The House, as you may have gathered, hates Senate filibusters. They also hated it when Senate Democrats had to give concessions to moderate Republicans to win passage of the stimulus bill. So Pelosi, D-Calif., and other House Democratic leaders are hammering away at their arguments about why reconciliation is the key to a non-watered-down health care package.

At her press conference this morning, Pelosi said it’s the only way to get a final health care package that includes a public health plan option. Most Democrats believe that’s essential to trigger enough changes in the broader system to cover uninsured people, but Republicans see it as a step toward government-run health care.

“I believe that it’s absolutely essential that we come out of this year with a substantial health care reform — substantial health care reform legislation. I believe that that is best served by having reconciliation in the package,” Pelosi said.

As for Republican warnings that reconciliation would be a partisan move that would undermine cooperation on anything else, Pelosi’s view is, bring it on. “Some of these same people on the Republican side didn’t have a problem with it — and we have their quotes — when President Bush wanted to put forth his tax cuts to the wealthiest people in the America,” she said.

Sure enough, House Democrats do have those quotes, thanks to a helpful fact sheet assembled yesterday by the office of House Majority Leader Steny H. Hoyer of Maryland. It includes a list of all the times that Republicans used budget reconciliation during their dozen years in the majority.

Senate Democratic centrists say that would be a bad idea, a poke in the eye of Republicans that would be sure to haunt the Democrats later. Senate Democratic leaders think reconciliation should only be used as a last resort. And Obama administration officials, including Office of Management and Budget director Peter Orszag yesterday, say it should be a last resort, but they won’t rule it out.

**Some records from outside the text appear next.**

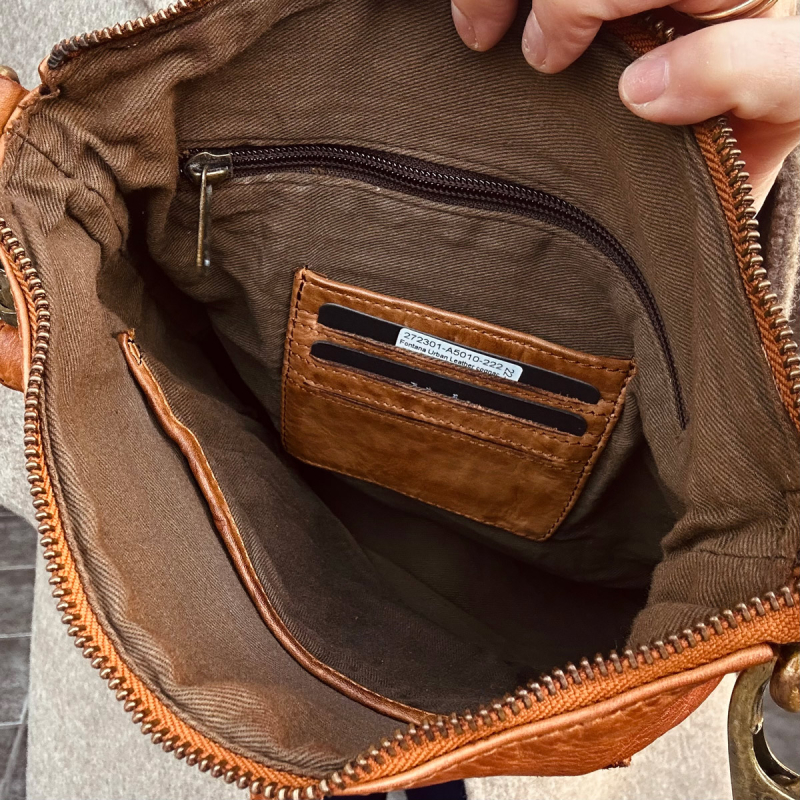 Fontana crossbody - cognac læder - Montana - 272301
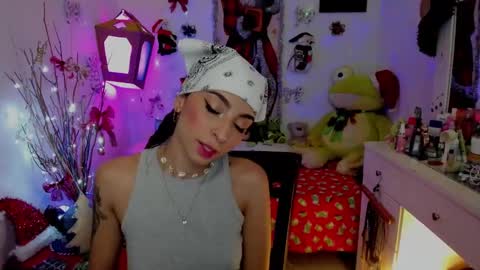 Mia online show from December 12, 6:36 am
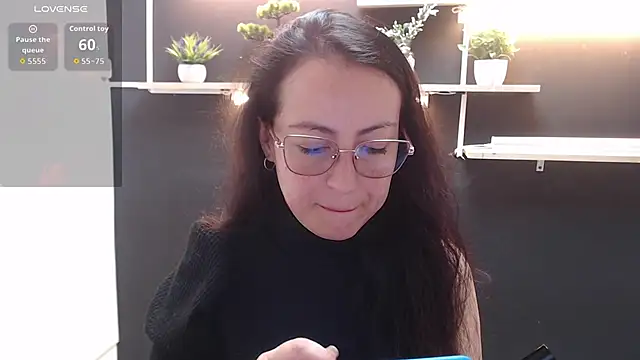 Snapshot of Lauryn_Jones chatting on 04/22/26, 07:26 Lauryn Jones online show from 04/22/26, 07:26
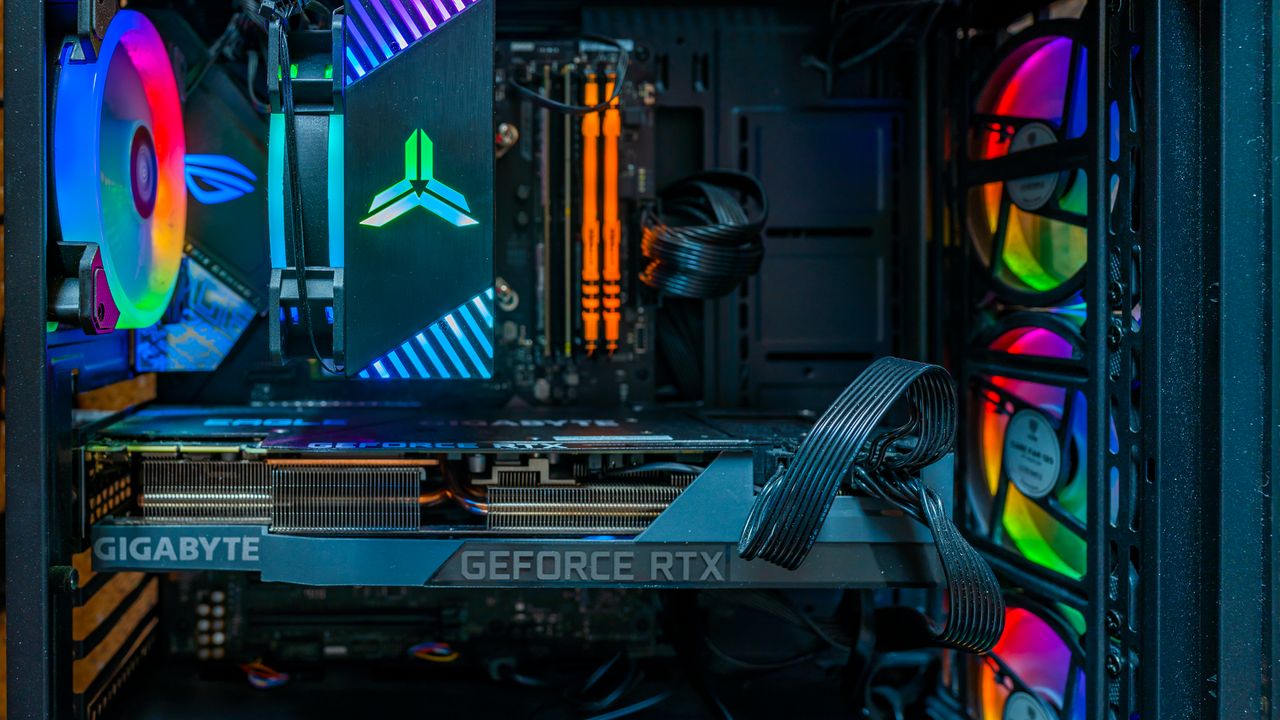 pc（電腦機殼內部實景）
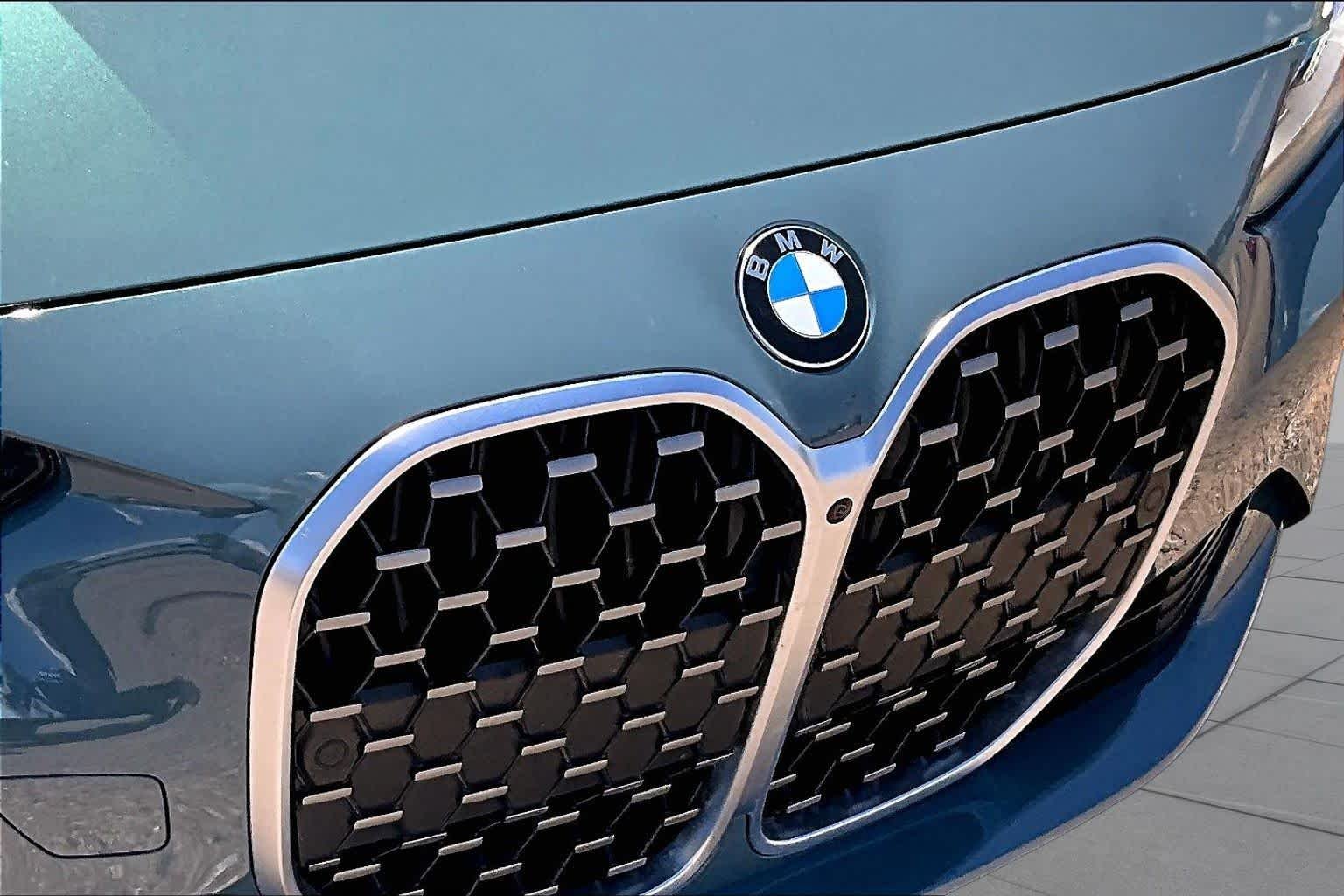 Used 2025 Cape York Green Metallic BMW 430i xDrive image 26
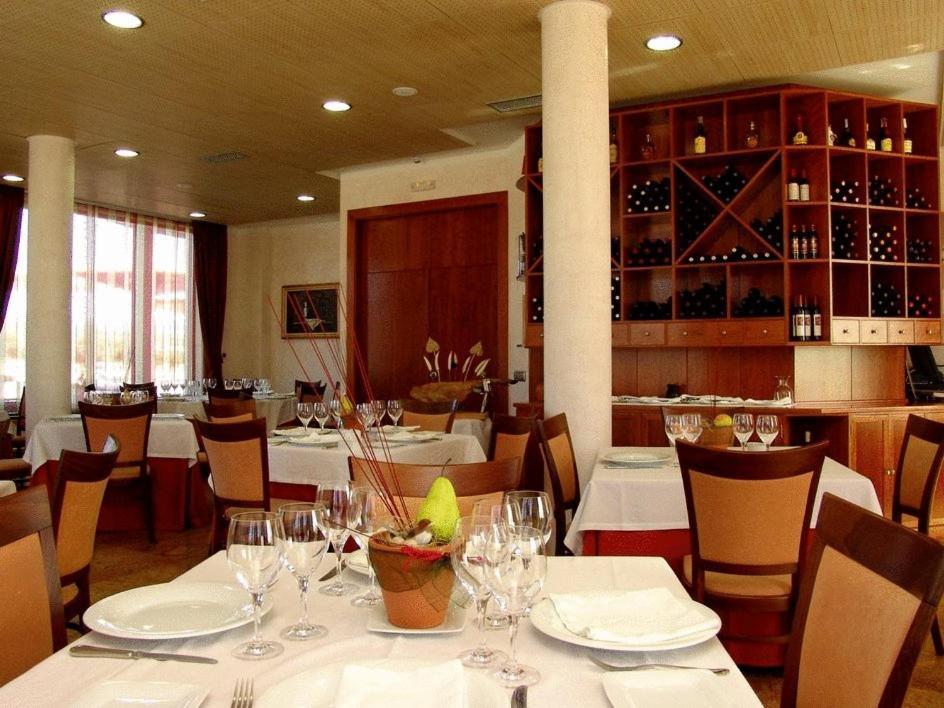 Complejo El Carrascal Hotel Munana Bagian luar foto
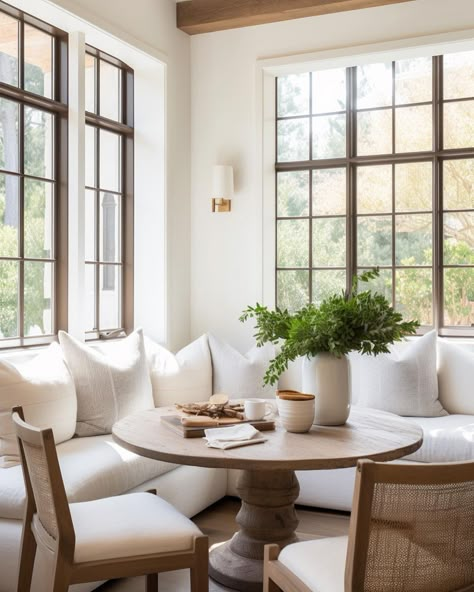 Banquette Seating In Kitchen, Dining Room Interior Design, Kitchen Breakfast Nooks, Dining Room Interior, Interior Design Dining Room, Dining Room Interiors, Breakfast Nooks, Banquette Seating, Furniture Office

That’s pretty much how Senate Majority Leader Harry Reid of Nevada handled the question at a press briefing this afternoon. “We are going to do health care. I think that says it all,” Reid said. He said Senate Finance Chairman Max Baucus of Montana, who opposes using reconciliation, “should have a chance to do what he can on health care on a bipartisan basis,” but warned that “we’re taking nothing off the table.”

It’s the latest example of the House-Senate wars that President Obama will have to mediate. But Pelosi can be confident of one thing: As long as former House Democrat Rahm Emanuel is the White House chief of staff, the administration isn’t about to insist on letting Republicans filibuster anything.